Significantly, while the attack on Yelwan Zangam was condemned by the Plateau state chapter of the Muslim umbrella group, the Jama’atu Nasril Islam (JNI), President Muhammadu Buhari is yet to comment on recent or previous attacks on the Irigwe community, despite immediately condoling Sheikh Dahiru Bauchi following the killings of his followers, inviting him to the presidential villa and directing security agencies to find the killers.
In a stunning breach of security that also occurred on 24 August, armed assailants attacked the Nigerian Defence Academy (NDA) in Akafa, Kaduna at around 1am, killing Lieutenant Commodore Wulah and Flight Lieutenant Okoronkwo, and kidnapping Major Christopher Datong, who is from Plateau state. The reportedly “harsh speaking” abductors later demanded a ransom of N200million (around $450,000), refusing to reduce the sum. While initial accounts suggested Major Datong’s body was found hours after his abduction, a subsequent report claimed his family and the military had received proof he is still alive.
Kaduna state is currently an epicentre of kidnapping and banditry activity, with the southern part of the state having suffered relentless attacks since 2011. The Atyap Chiefdom in Zangon Kataf LGA in southern Kaduna has seen a surge in attacks since July, despite having a joint military and police camp located 3km from the main town. Reports are still emerging of attacks in the LGA during the evening of 26 August.
On 22 August, 17 people were killed, an unknown number were injured, and several houses were torched in Ungwan Doh village in Mabushi. Most of the victims were women and children. On the evening of 16 August, Amos Bulus, Bulus Swan and Simon Akut were killed and a woman identified only as Kezia was injured during an attack on Goran Gida in the Gora District.
Insecurity is also rampant in northwest Nigeria, where attacks by diverse armed gangs largely of Fulani ethnicity primarily target predominantly Hausa Muslim farming communities. In the president’s home state of Katsina, 32 out of 34 LGAs are under siege, including the state capital. Members of the House of Assembly were reportedly reduced to tears on 24 August while discussing the deteriorating security situation.

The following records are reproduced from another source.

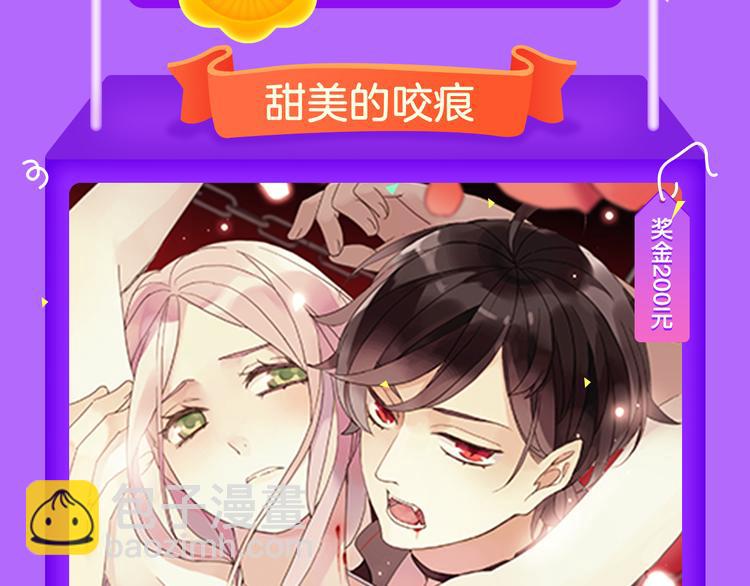 🍛全民打榜 《偏执的浪漫》重磅回归！ 第19页
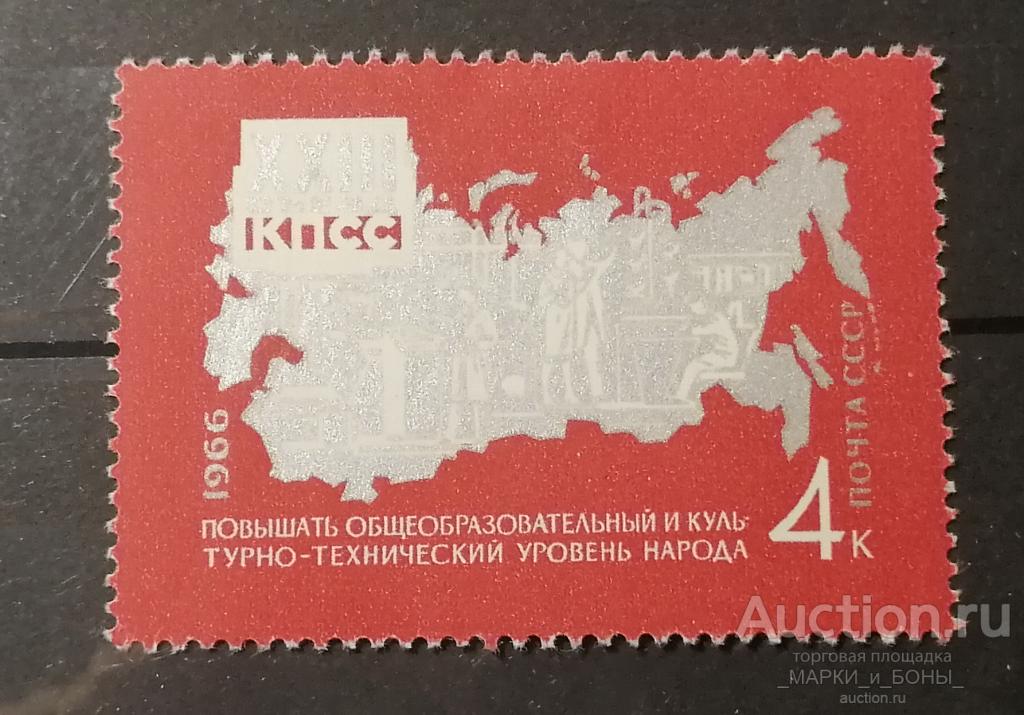 1966г. СССР. Решения XXIII съезда КПСС - в жизнь! Чистые* (наклейка) (8-177)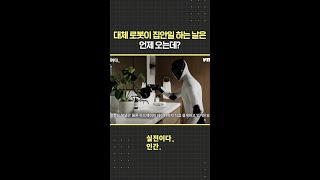 대체 로봇이 집안일 하는 날은 언제 오는데? / 비디오머그 #shorts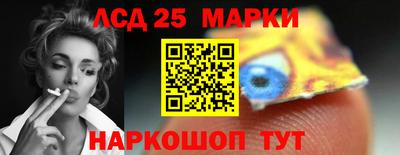 MESCALINE Гатчина
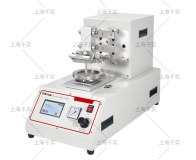 Universal wear friction testing machine and Stoll Quartermaster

CSW Founder President Mervyn Thomas said: “We extend our condolences to the families and communities who lost loved ones in the latest attacks in Kaduna and Plateau states. These brazen assaults, that have now extended to a key military installation, indicate the existence of a well-resourced, highly coordinated militia that appears to enjoy high-level sanction. CSW applauds the courage of Commodore Kunle Olawunmi (retd.), a former member of Nigerian military intelligence, who in a landmark television interview highlighted the ‘religious and socio-cultural’ source of the current security challenges, and raised the issue of individuals currently in high office who have allegedly sponsored this violence. These thorny issues must be confronted and addressed as a matter of urgency. The unprecedented levels of violence and criminality are taking an enormous toll on Nigerian citizens. They deserve far better. We therefore reiterate our call for international pressure to be brought to bear on the Nigerian authorities to galvanise them into securing the nation and ensuring protection for all citizens, regardless of creed or ethnicity.”
On Channels TV’s Sunrise Daily programme, former member of Nigerian military intelligence Commodore Kunle Olawunmi (retd.) said the source of Nigeria’s current security challenges was “religious and socio cultural.” He added that the “centre of gravity of Boko Haram and insurgency in Nigeria are the sponsors,” and that several of them are in the present administration, the Senate and are serving as governors. He also highlighted that insecurity was continuing because “this government does not want to solve this problem. They are escalating it because of tribal and religious sentiment.”
The Commodore went on to state that the attack on the NDA was meant to “send a message, to create fear and to show the military that ‘we can come for you and there’s nothing you can do.’ It’s not about ransom.”